_What you have to do_
When you reach the line with "KARL LAGERFELD PARIS", transcribe it and each line after it through the last one below, exactly. Pictures stay out.

_Exercise input_

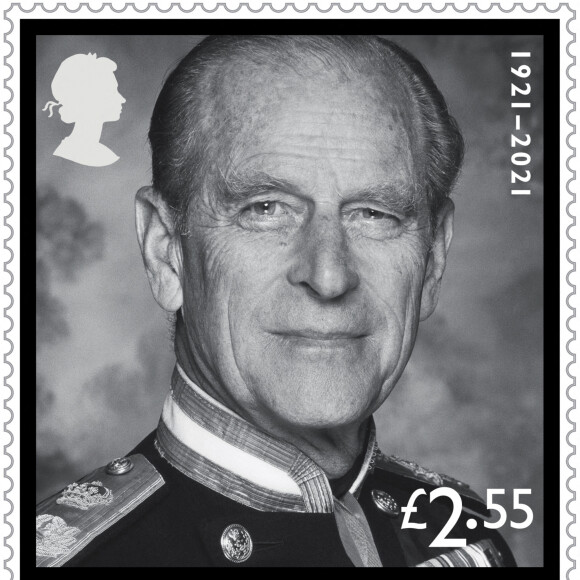 Timbres à l'effigie du prince Philip, duc d'Edimbourg, publiés par la poste royale un mois après le décès de ce dernier. Le 13 mai 2021.
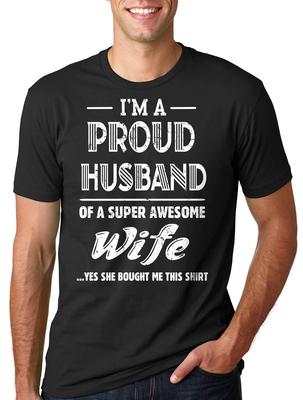 Proud Husband of Awesome Wife Gift for Husband Tee T-shirt Mens T-T-shirt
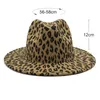 Basker 2024 vinter fedora hattar för kvinnor mode platt bred grim panama ull filt jazz män leopard goth topp bröllopshatt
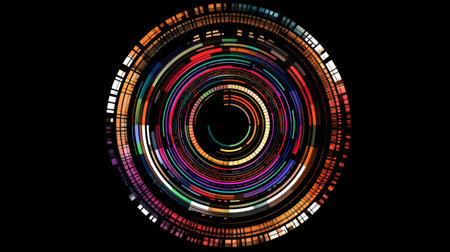 Circular tech logo with concentric digital patterns and futuristic color schemeの素材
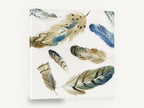Scattered Feather Study, watercolour feathers botanical style, animal canvas wall art print ready to hang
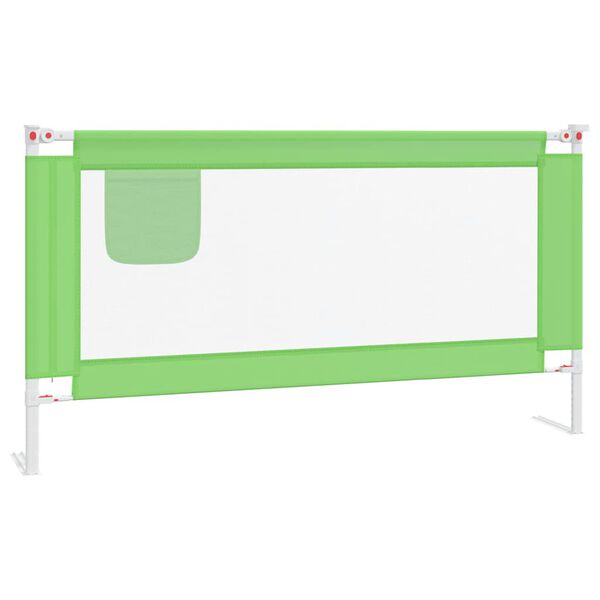 vidaXL Barra de seguran&ccedil;a p/ cama infantil tecido 160x25 cm verde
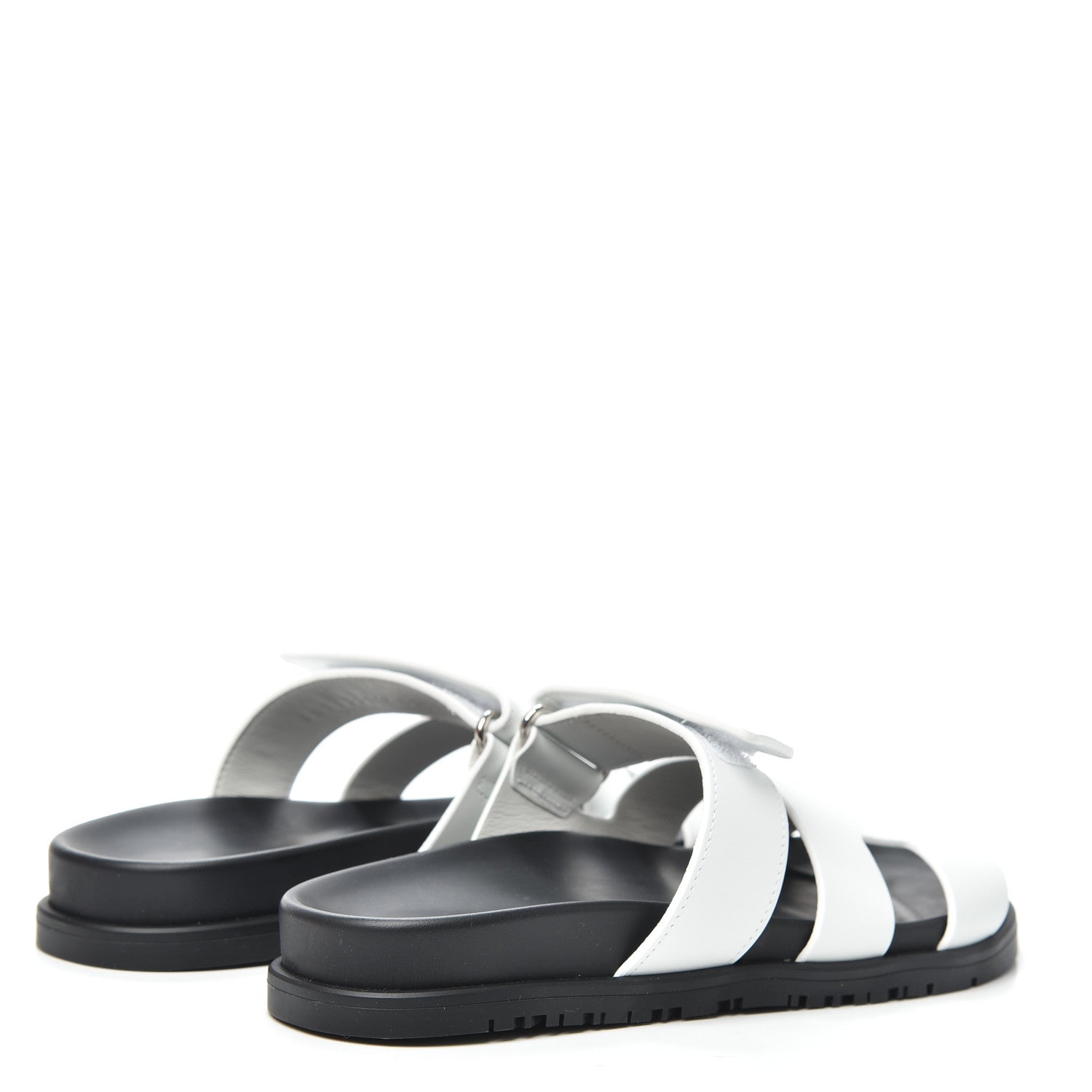 Hermes Calfskin Womens Chypre Sandals 37.5 White 4 of 7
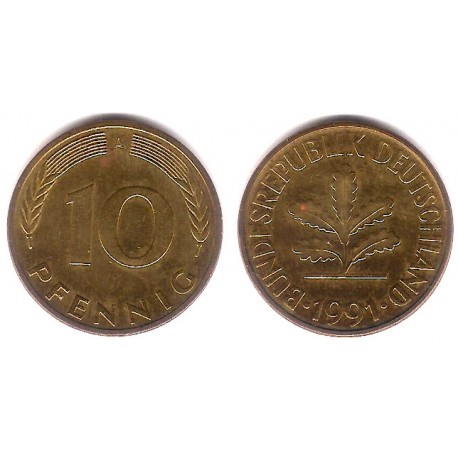 (108) Alemania. 1991(A). 10 Pfennig (MBC)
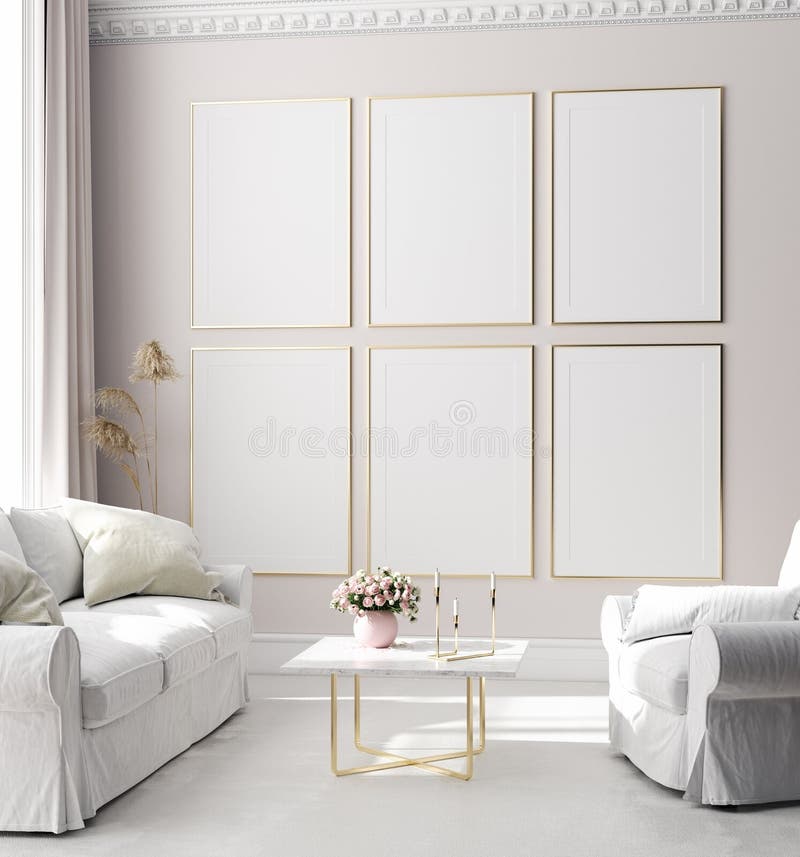 Mock up poster frame in modern interior background, Scandinavian style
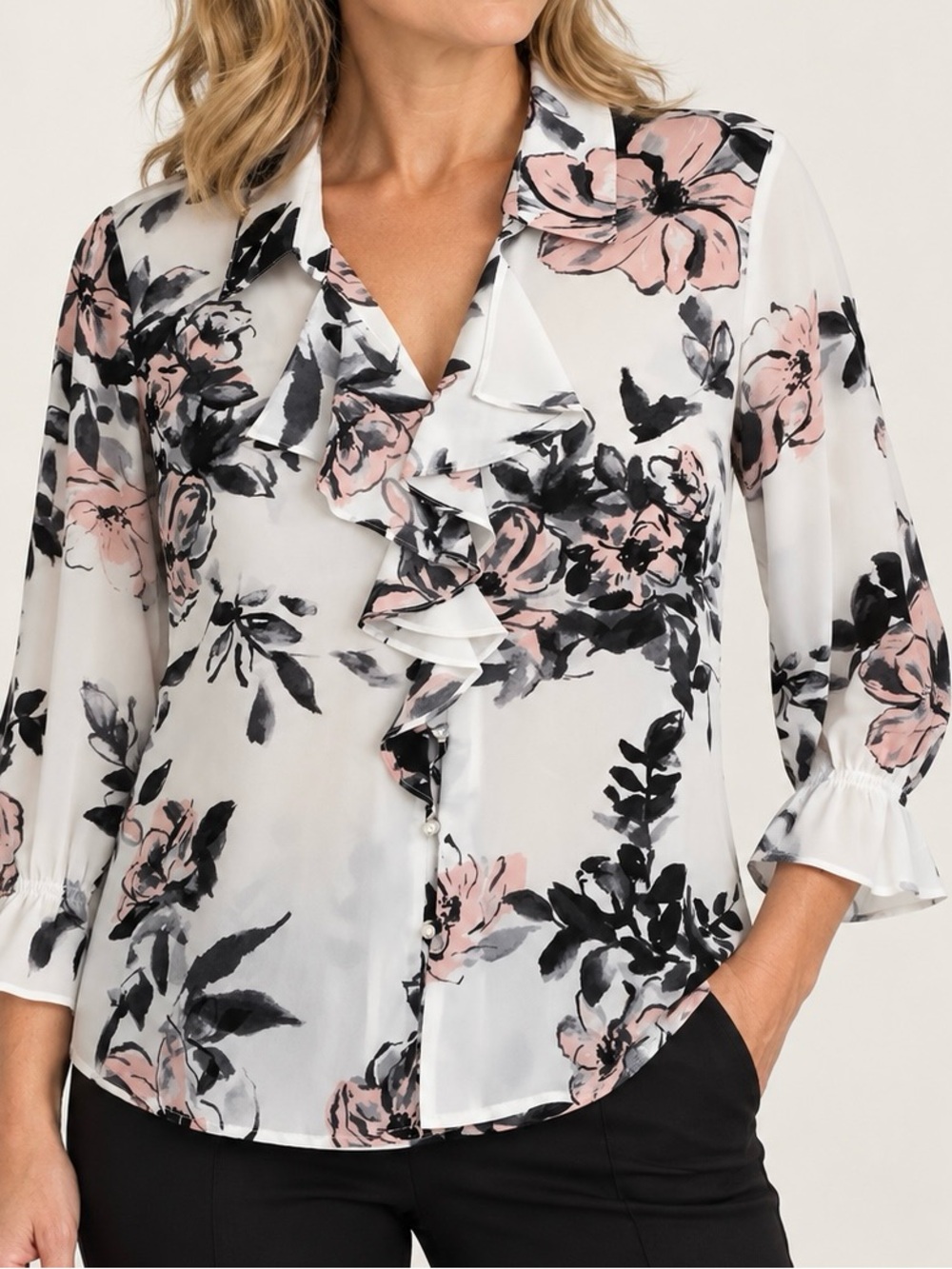 KARL LAGERFELD PARIS FLORAL RUFFLE BLOUSE NWT SIZE L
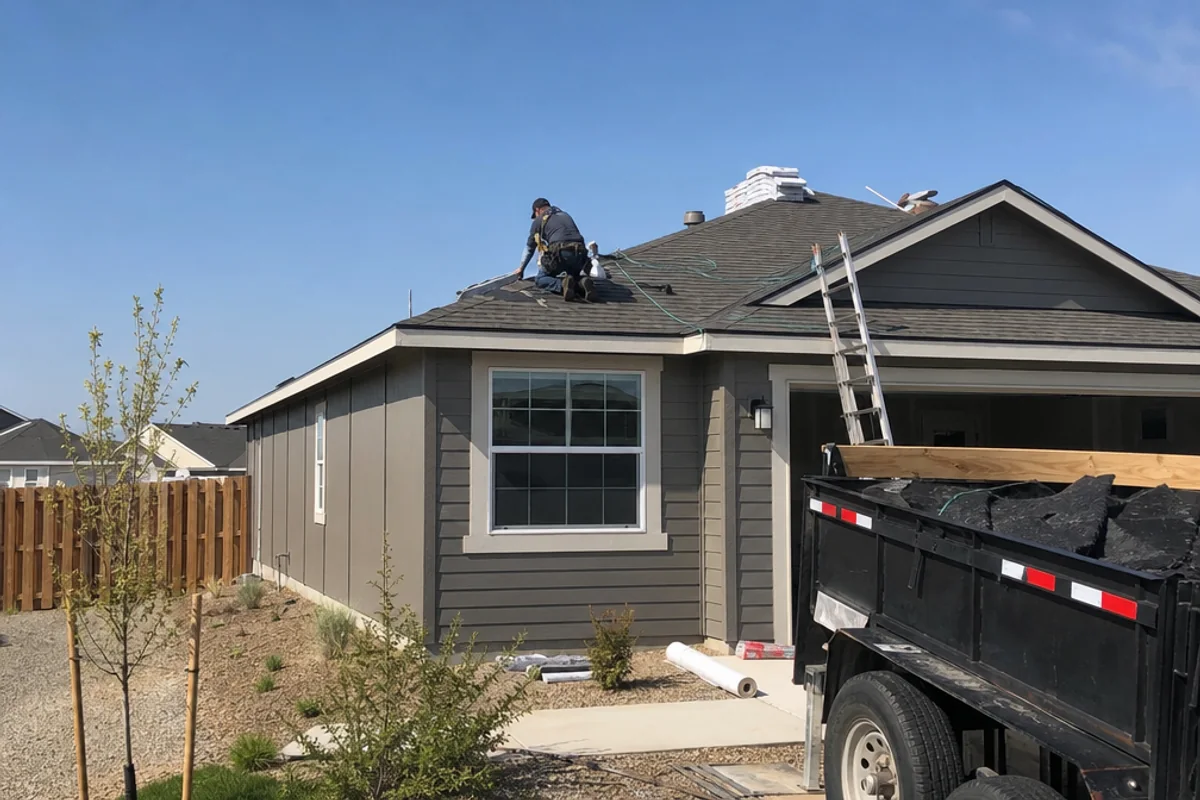 Shingle roof replacement on a property in Star, ID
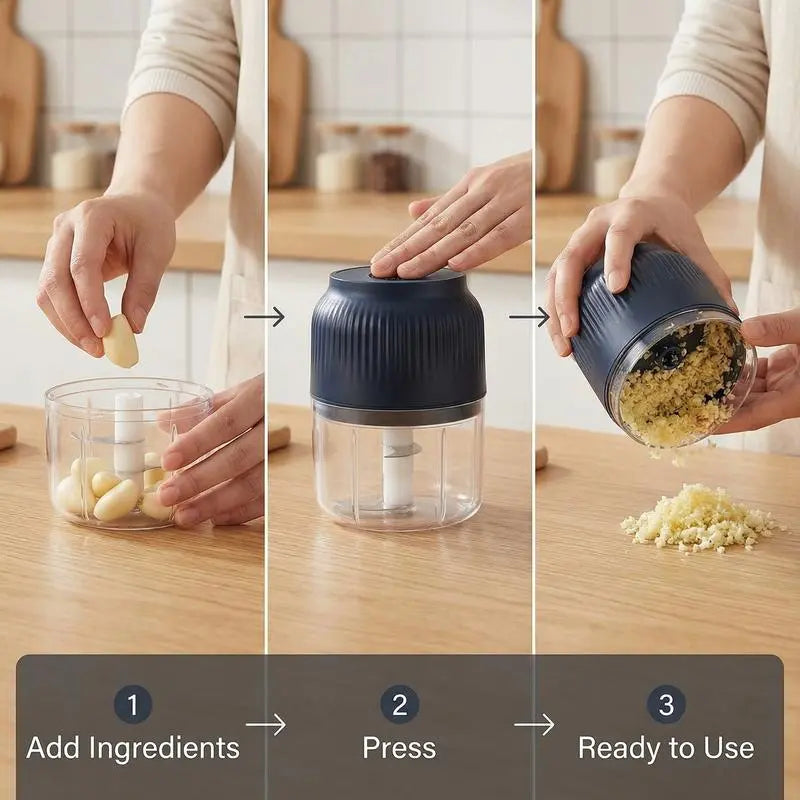 Electric Food Shredder, Mini Meat Grinder, Garlic Puree Maker, USB Charging, Portable Kitchen Gadget for Minced Meat, Vegetable, Onion, Ginger, Chili, Rechargeable Lithium Battery Raccoon Cheese Grater Lychee Peelers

_Result of this task_
 KARL LAGERFELD PARIS FLORAL RUFFLE BLOUSE NWT SIZE L
 Shingle roof replacement on a property in Star, ID
 Electric Food Shredder, Mini Meat Grinder, Garlic Puree Maker, USB Charging, Portable Kitchen Gadget for Minced Meat, Vegetable, Onion, Ginger, Chili, Rechargeable Lithium Battery Raccoon Cheese Grater Lychee Peelers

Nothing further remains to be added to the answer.